**RECORDS SUPPLIED**
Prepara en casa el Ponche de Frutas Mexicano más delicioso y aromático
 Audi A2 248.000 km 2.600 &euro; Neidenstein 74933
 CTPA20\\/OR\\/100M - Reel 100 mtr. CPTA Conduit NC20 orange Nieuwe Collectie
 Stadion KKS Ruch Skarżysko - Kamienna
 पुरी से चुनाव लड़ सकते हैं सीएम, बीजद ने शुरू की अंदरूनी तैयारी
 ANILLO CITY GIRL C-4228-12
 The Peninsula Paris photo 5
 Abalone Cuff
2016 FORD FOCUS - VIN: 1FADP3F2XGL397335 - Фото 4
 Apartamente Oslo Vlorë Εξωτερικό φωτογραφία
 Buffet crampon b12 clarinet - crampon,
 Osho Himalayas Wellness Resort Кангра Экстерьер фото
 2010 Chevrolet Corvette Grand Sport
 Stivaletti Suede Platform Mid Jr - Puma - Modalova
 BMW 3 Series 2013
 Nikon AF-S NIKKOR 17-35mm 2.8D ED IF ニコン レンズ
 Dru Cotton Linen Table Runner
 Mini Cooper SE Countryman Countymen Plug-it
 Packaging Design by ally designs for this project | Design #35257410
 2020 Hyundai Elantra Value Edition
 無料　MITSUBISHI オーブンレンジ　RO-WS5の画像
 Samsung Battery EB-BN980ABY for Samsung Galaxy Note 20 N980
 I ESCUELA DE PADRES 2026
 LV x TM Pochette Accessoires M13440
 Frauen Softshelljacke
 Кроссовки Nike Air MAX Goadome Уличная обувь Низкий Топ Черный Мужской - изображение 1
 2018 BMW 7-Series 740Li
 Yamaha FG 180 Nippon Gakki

**YOUR GOAL**
Give again only the lines of the material above that run from the one with "LV x TM Pochette Accessoires M13440" through the end, both included, exactly as they appear.

**SOLUTION**
 LV x TM Pochette Accessoires M13440
 Frauen Softshelljacke
 Кроссовки Nike Air MAX Goadome Уличная обувь Низкий Топ Черный Мужской - изображение 1
 2018 BMW 7-Series 740Li
 Yamaha FG 180 Nippon Gakki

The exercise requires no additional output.